This is the mail archive of the
mailing list for the binutils project.
Re: [PATCH] enable fdpic targets/emulations for sh*-*-linux*
- From: Rich Felker <dalias at libc dot org>
- To: Oleg Endo <oleg dot endo at t-online dot de>
- Cc: binutils at sourceware dot org
- Date: Thu, 1 Oct 2015 12:46:30 -0400
- Subject: Re: [PATCH] enable fdpic targets/emulations for sh*-*-linux*
- Authentication-results: sourceware.org; auth=none
- References: <20150929235801 dot GA8408 at brightrain dot aerifal dot cx> <1443612038 dot 2509 dot 140 dot camel at t-online dot de> <20150930142533 dot GC8645 at brightrain dot aerifal dot cx> <20150930143555 dot GD8645 at brightrain dot aerifal dot cx> <1443627005 dot 2509 dot 189 dot camel at t-online dot de> <20150930183810 dot GE8645 at brightrain dot aerifal dot cx> <1443715139 dot 2031 dot 134 dot camel at t-online dot de>
On Fri, Oct 02, 2015 at 12:58:59AM +0900, Oleg Endo wrote:
> On Wed, 2015-09-30 at 14:38 -0400, Rich Felker wrote:
> > > > >
> > > > > On the musl side, we have all atomics go through a function that
> > > > > chooses which atomic to use based on runtime detection. LLSC (sh4a),
> > > > > GUSA (sh3/4), and imask (sh2 single-core) are supported now and I'm
> > > > > going to add j2 cas.l. For sh4a+ targets, this is optimized out and
> > > > > the inline LLSC atomics are used.
> > >
> > > How is this "optimized out" done?
> > #ifdef __SH4A__
> > If __SH4A__ is defined, this implies an ISA that includes the LLSC
> > instrutions (movli.l and movco.l) so we can use them unconditionally.
> > We could do the same for the J2 cas.l instruction and a J2-specific
> > macro,
> I'd rather add something like __SH_ISA_foo__ macros (__SH_ISA_SHLD__,
> __SH_ISA_LLSC__, __SH_ISA_CASL__, ...). After all, I thought the idea
> of the J-core is to be flexible ... people can create various
> variations ... with dynamic shifts, or without .. with cas.l or without
> (why add the cas.l instruction to a custom single core chip?)
Multi-core is in the works; it just requires a larger fpga.

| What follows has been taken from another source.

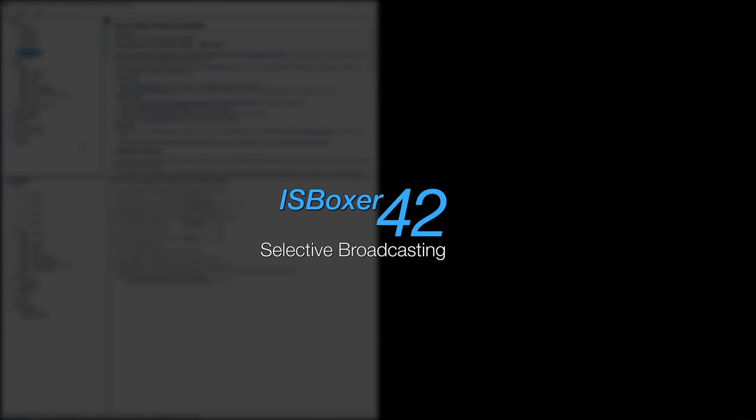Hey everyone, my name is Mirai, and welcome to the ISBoxer 42 video for setting up selective broadcasting. In this video, I'll be showing three different methods for how to broadcast to only a specific set of windows so that others may be excluded. Let's get right into it.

We don't
yet have kernel support for SMP though. I'm going to start testing
> > but I want to be able to consider J4 (future), SH4 and SH4A as
> > ISA-supersets of J2. The J4 will have cas.l but SH4 and SH4A obviously
> > don't.
> I think it's more like J2 and SH4A share some ISA subset, because SH4A
> does not implement the cas.l insn.
Yes, that's why I said "consider as" -- I meant it in the sense of a
compatibility path/hierarchy, not strict ISA.
> > > That'd sort of defeat the purpose of compiler-provided inlined atomic
> > > builtins. Every atomic op would have to go through a function call. A
> > > safe but not a very attractive default, e.g. when one wants to build a
> > > SH4-only system. We can try to lower the function call overhead with
> > > some special atomic library function ABI (as it's done for e.g. shifts
> > > and division libfuncs), if that helps.
> > Perhaps, but GUSA-style atomics are likely so much faster than actual
> > memory-synchronizing instructions that the total cost is still
> > relatively small.
> Sorry, I don't understand the relationship of function call overhead and
> gUSA vs. memory synchronizing instructions ... The "problem" with real
> function calls (vs specialized libcalls) is that more registers need to
> be saved/restored than the function actually clobbers.
Yes, I was just abstracting the time cost of those clobbers. Of course
there is some code-size issue too that I failed to address.
> > I have considered doing a custom calling convention for this in musl's
> > atomics (and "calling" the "functions" from inline asm) but before
> > spending effort on that I'd want to see if there's actually a
> > practical performance issue. I'm not a fan of premature optimization.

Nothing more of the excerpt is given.